Tag Archives: subsidiarity

Cultivating the virtues of subsidiarity

LANCE BYRON RICHEY writes that it’s easy to criticize power-hungry politicians, but if we want leaders who support limited government, they must come from our own ranks. Cultivating leaders demands cultivating virtues. This means modeling humility and patience in our own careers, sharing responsibilities, and seeking out employees who do likewise . . .

Lance Richey

Lance Richey

ObamaCare. The Patriot Act. Common Core. Increasingly in America, power and policy have been centralized in the hands of the federal government at the expense not only of state and local authorities, but of individual freedom as well.

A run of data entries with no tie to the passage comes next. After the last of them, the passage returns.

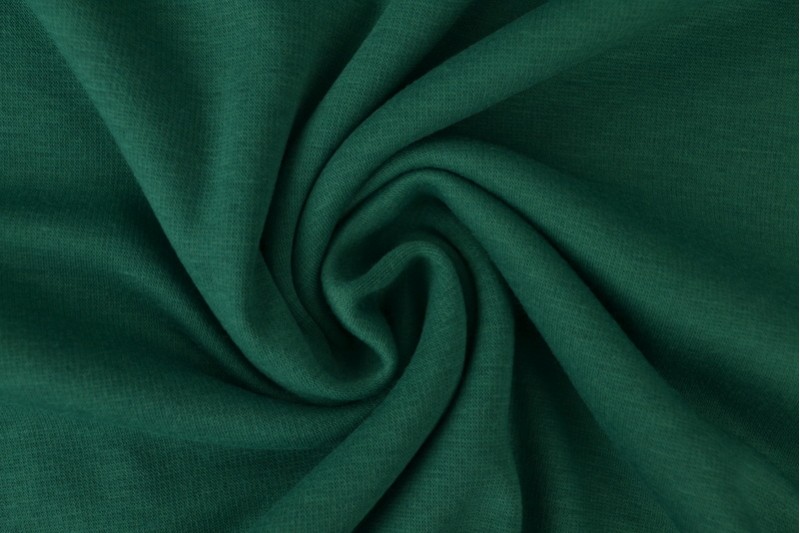 Alpenfleece sweaterstof donkergroen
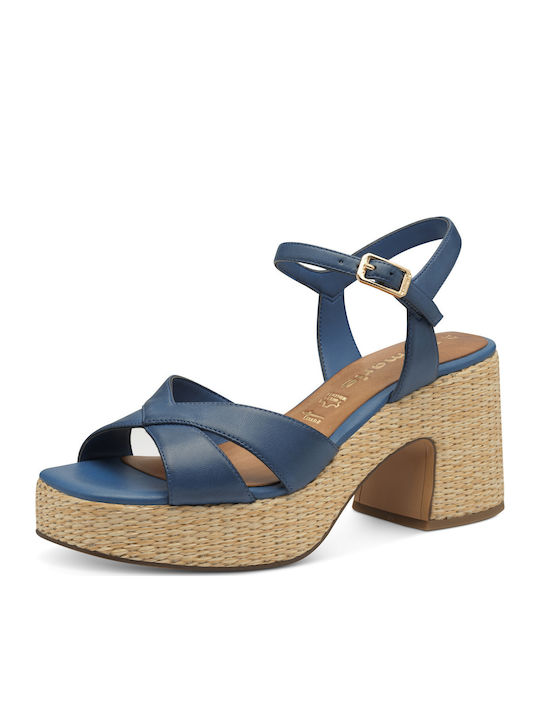 Leather Sandals Blue
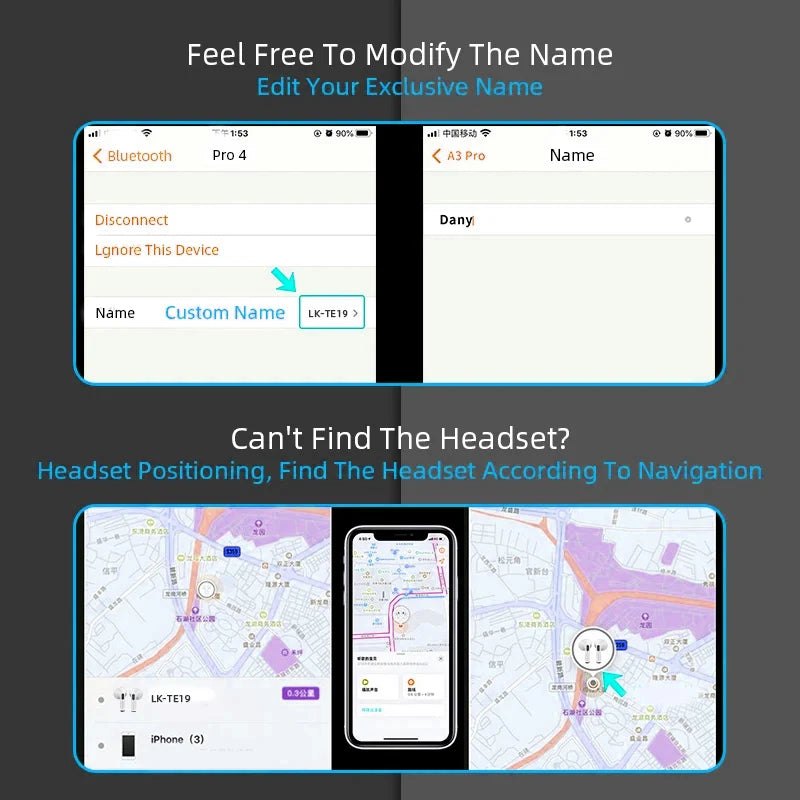 Airs Pro TWS Bluetooth Siri 5.2
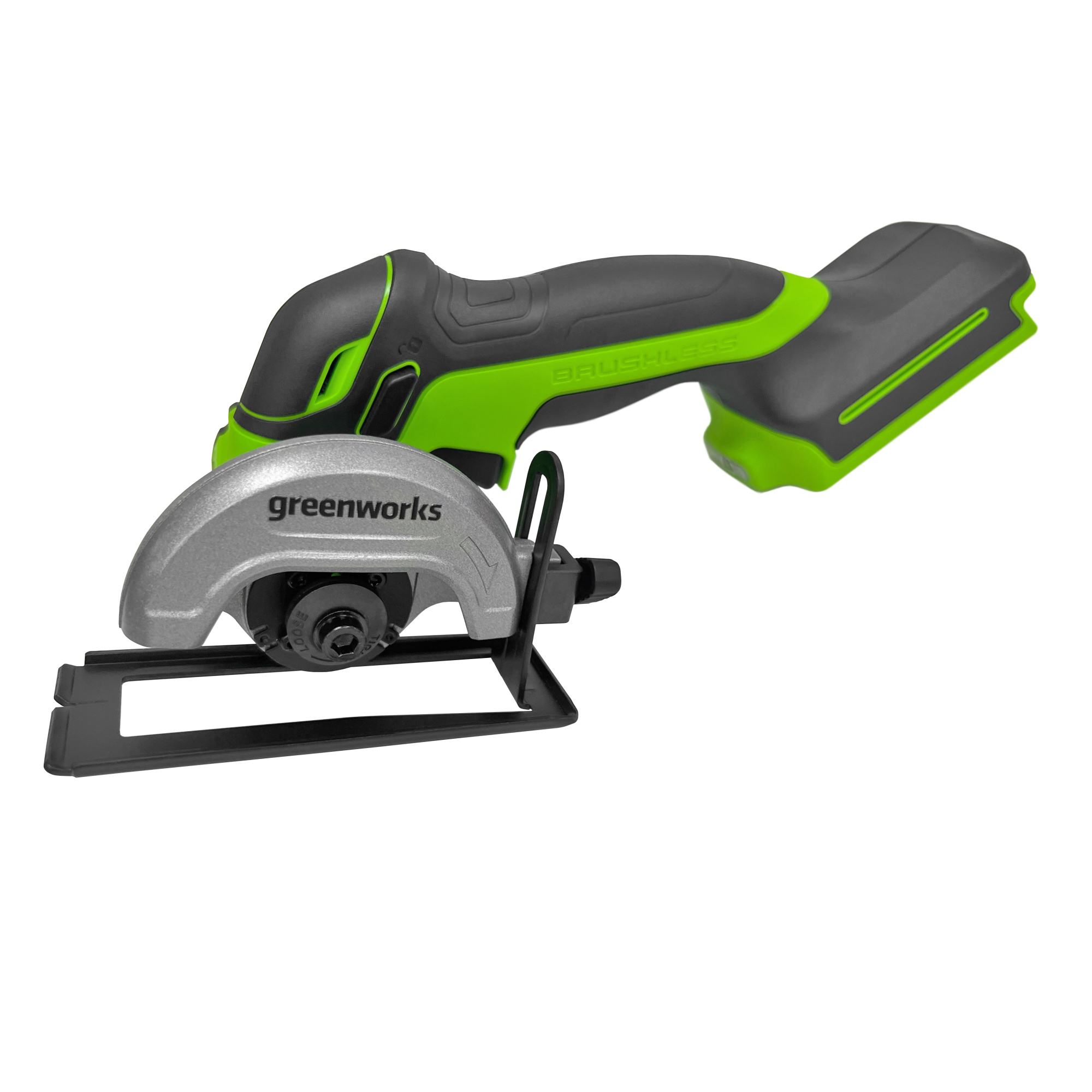 Углошлифовальная машина (болгарка) 76 мм аккумуляторная Greenworks 24V GD24UCS 3402007, бесщеточная, без АКБ и ЗУ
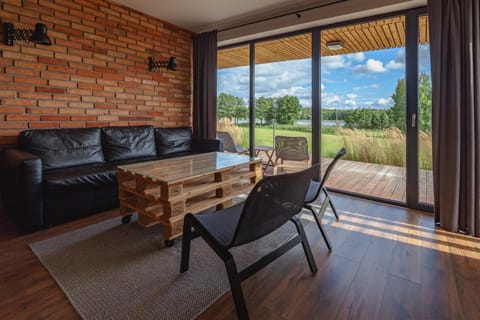 Day, Summer, View (from property/room), Balcony/Terrace, Living room, Seating area, Lake view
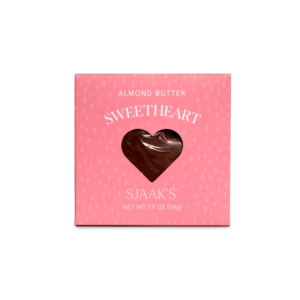 Front view of the Almond Butter Sweetheart box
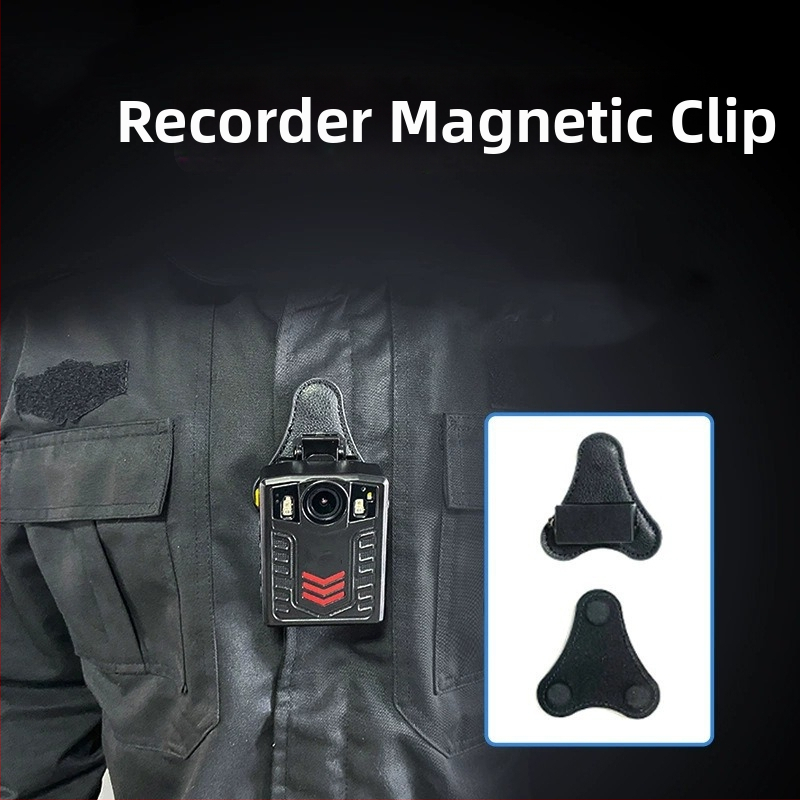 Príslušenstvo na nosenie na hrudi pre záznamník – OEM 6653, Koža a železný plech, Tlačené logo, PE balenie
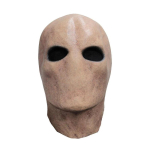 Slendermani mask Cosplay &Otilde;udne &Otilde;udus N&auml;ota Mees V&auml;lismaalase Kolju Latekskiiver Halloweeni Karnevali Peo Kost&uuml;&uuml;mi Rekvisiidid valge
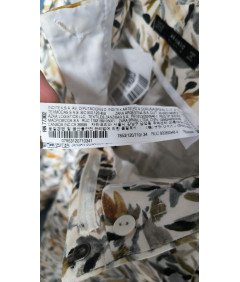 Zara ženske hlače z visokim pasom udobno elegantno rumena velikost 34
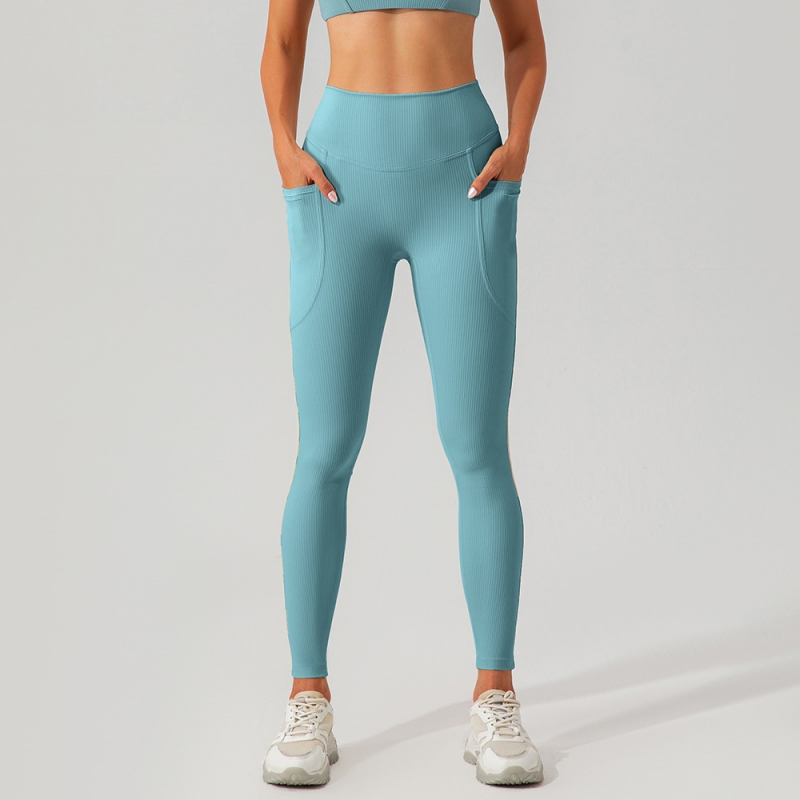 SKL-KW255 HIGH WAIST BUTT LIFT HIP YOGA PANTS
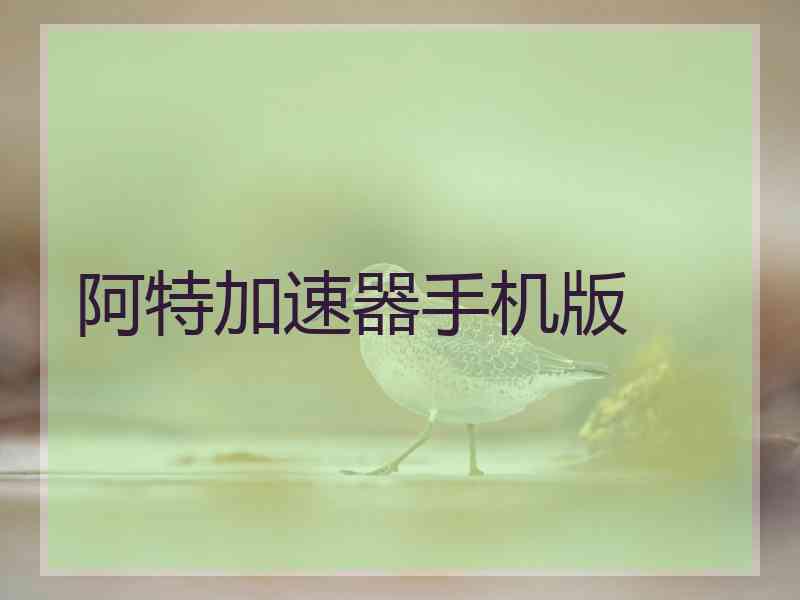 阿特加速器手机版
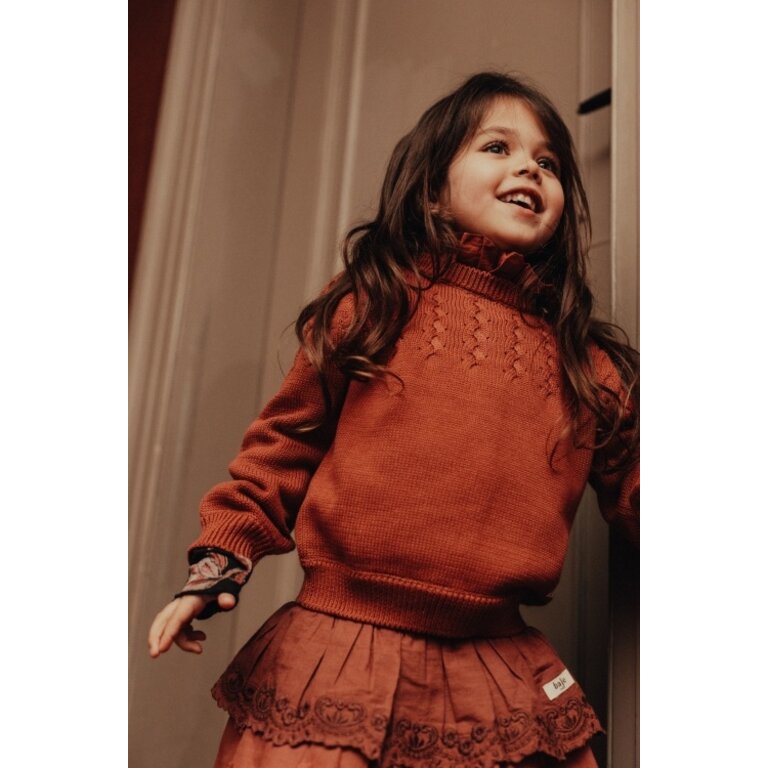 Baje Studio Vallon | Knitted sweater | Red maroon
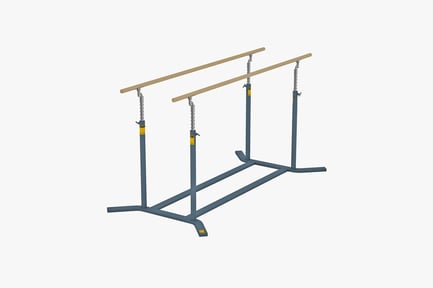 Preview: Double gymnastics barre with safety mechanisms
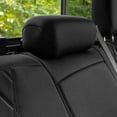 thumbnail image 6 of For 2019-2023 GMC Sierra 1500 2500HD 3500HD SLT | AT4 | DENALI FH Group Neoprene Custom Fit Truck Car Seat Covers Rear Set Black, 6 of 6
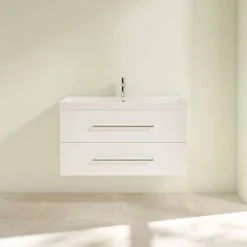 Villeroy and Boch Avento Wall Hung Vanity Unit 1000mm - Crystal White - SAVE03B401 10 Villeroy and Boch Avento Wall Hung Vanity Unit 1000mm - Crystal White - SAVE03B401 -Wall Hung Vanity Units Shop SAVE03B401 D2 460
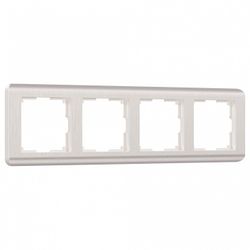 Рамка на 4 поста Werkel Stream (перламутровый) W0042113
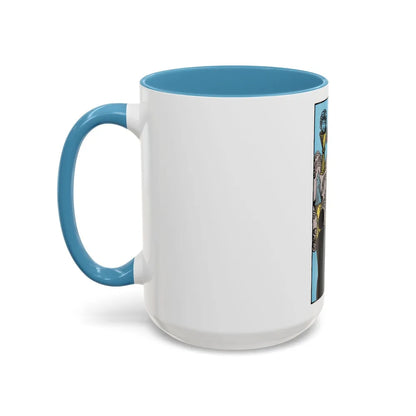 The 7 of Cups (Tarot Card) Accent Coffee Mug-Go Mug Yourself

As a result — from insurance to illegal immigration to light bulbs — decisions affecting every aspect of our lives are being made by an ever-shrinking circle of politicians and bureaucrats. The concentration of too much power in too few hands poses serious threats to our economic and political freedoms. Worst of all, we as a people risk losing those Christian virtues necessary for a free and democratic society when we ignore the principle of subsidiarity.

This principle, first stated in Pope Pius XI’s Quadragesimo Anno, lies at the heart of Catholic social teaching. In 1931, when fascist and communist dictatorships across Europe were threatening the freedom of individuals and the Church (sound familiar?), this encyclical forcefully rejected the belief that the government alone can or should organize our lives.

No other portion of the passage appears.